You are shown a diagram of patient with a central venous pressure line connected to an ECG and earthed. The ECG box was also earthed.
- What is microshock?
- Would all earth connections be at an equal potential?
- Discuss monitoring in magnetic resonance imaging (MRI).
2. History taking
Take a history from a lady due to have a mastectomy and latissimus dorsi flap. She has had an initial lumpectomy followed by chemotherapy, and her last cycle was 8 weeks ago. She is anaemic and on iron. She has previously had postoperative nausea and vomiting, and is allergic to iodine and elastoplast. She is on tamoxifen and fluoxetine.
You are shown an epidural catheter and needle pack, and asked questions about what you would check for on the sealed package, and how you would check the catheter and needle prior to an epidural. You are then asked general questions on epidurals.
You are shown a negatively skewed curve, and asked to answer 10 true/false questions.
5. Data interpretation
You are shown arterial blood gas results from a young woman with pneumonia who has type 2 respiratory failure. You are asked to answer 10 true/false questions.
You are shown an ECG showing a broad complex tachycardia. You are asked whether the tachycardia is ventricular, and are asked to answer 10 true/false questions.
Describe the anatomy of the cervical and thoracic spine.
You have to have a phone conversation with a laboratory technician to order six units of packed cells, fresh frozen plasma and platelets for a patient undergoing a laparotomy for a bleeding duodenal ulcer. Haemostasis has been achieved and there are a further two units in the fridge. Your registrar is worried about a transfusion reaction, since the patient has already received a substantial amount of blood. The laboratory is obviously busy and you have to negotiate with the technician about urgency and to formulate a plan.

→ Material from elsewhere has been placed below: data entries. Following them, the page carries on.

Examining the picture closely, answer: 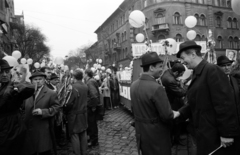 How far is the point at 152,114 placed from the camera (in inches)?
102

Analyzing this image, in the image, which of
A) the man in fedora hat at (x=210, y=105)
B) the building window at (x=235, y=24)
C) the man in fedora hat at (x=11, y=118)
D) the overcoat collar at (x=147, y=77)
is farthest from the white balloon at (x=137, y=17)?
the building window at (x=235, y=24)

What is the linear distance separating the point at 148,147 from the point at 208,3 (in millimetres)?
34437

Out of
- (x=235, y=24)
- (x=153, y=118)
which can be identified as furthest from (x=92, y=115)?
(x=235, y=24)

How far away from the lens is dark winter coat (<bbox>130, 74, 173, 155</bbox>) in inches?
98.3

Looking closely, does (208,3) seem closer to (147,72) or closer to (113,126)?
(113,126)

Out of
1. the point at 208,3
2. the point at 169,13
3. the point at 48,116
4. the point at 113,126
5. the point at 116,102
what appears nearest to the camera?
the point at 48,116

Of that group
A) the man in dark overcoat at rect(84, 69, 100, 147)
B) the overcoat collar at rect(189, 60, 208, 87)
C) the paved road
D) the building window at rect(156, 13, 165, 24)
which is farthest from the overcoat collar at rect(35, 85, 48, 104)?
the building window at rect(156, 13, 165, 24)

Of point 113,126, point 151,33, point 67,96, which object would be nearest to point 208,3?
point 151,33

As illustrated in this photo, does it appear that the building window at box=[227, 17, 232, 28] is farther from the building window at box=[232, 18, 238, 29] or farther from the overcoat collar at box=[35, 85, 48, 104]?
the overcoat collar at box=[35, 85, 48, 104]

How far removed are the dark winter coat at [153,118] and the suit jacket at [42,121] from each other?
1.82 meters

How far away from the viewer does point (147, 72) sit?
109 inches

You are asked how you would diagnose a tension pneumothorax. You then have to demonstrate how you would carry out a needle decompression followed by an intercostal drain insertion. You are then asked about the complications associated with these procedures.

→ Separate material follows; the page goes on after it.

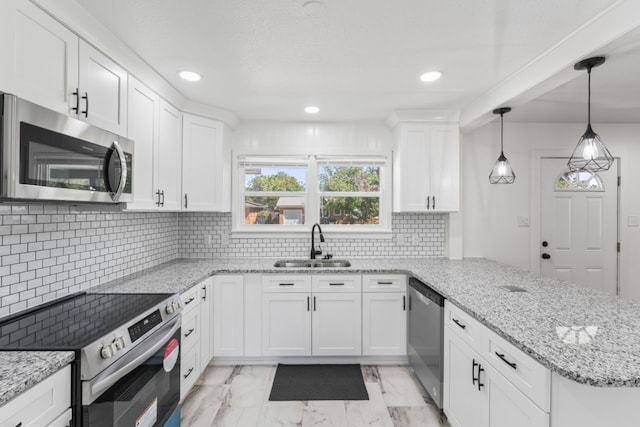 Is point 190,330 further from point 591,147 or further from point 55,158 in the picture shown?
point 591,147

You are asked to examine someone with a head injury. A neck collar is available if you ask for it. Demonstrate how you would use it. A penlight is also available. Assess the patient for Glasgow Coma Score, and test his arms and legs for movement.
You are asked questions asked about broad complex tachycardia.
You are asked questions about an entonox cylinder.
Describe the anatomy of the brachial plexus and the nerve supply to the upper arm. Describe the structures related to the plexus and the roots, trunks, divisions and cords.
14. History taking
Take a history from a patient undergoing an inguinal hernia repair. He has a history of ischaemic heart disease, had a myocardial infarction 6 years ago, is on nifedipine, glyceryl trinitrate and aspirin.
15. Chest X-ray
You are shown a chest X-ray of allergic alveolitis in a young man who keeps pigeons. His respiratory rate is 33 breaths/min and he is on steroids. You are asked a series of true/false questions on spirometry, anaesthesia and steroids.
16. Simulator manikin
You are asked to take the pulse and blood pressure on a simulator manikin. There is a narrow pulse pressure (110/90 mmHg). On auscultation you detect an ejection systolic murmur, and the ECG shows significant hypertrophy. You are asked about the diagnosis and differential diagnoses, and whether you would administer a spinal anaesthetic.
You are asked to assemble a Bain circuit with a heat and moisture exchanger.
- Three different sizes of tubing are available for sampling - which would you choose?
- You are then shown three capnography tracings and asked questions on rebreathing, disconnection, end tidal carbon dioxide and where inspiration and expiration start.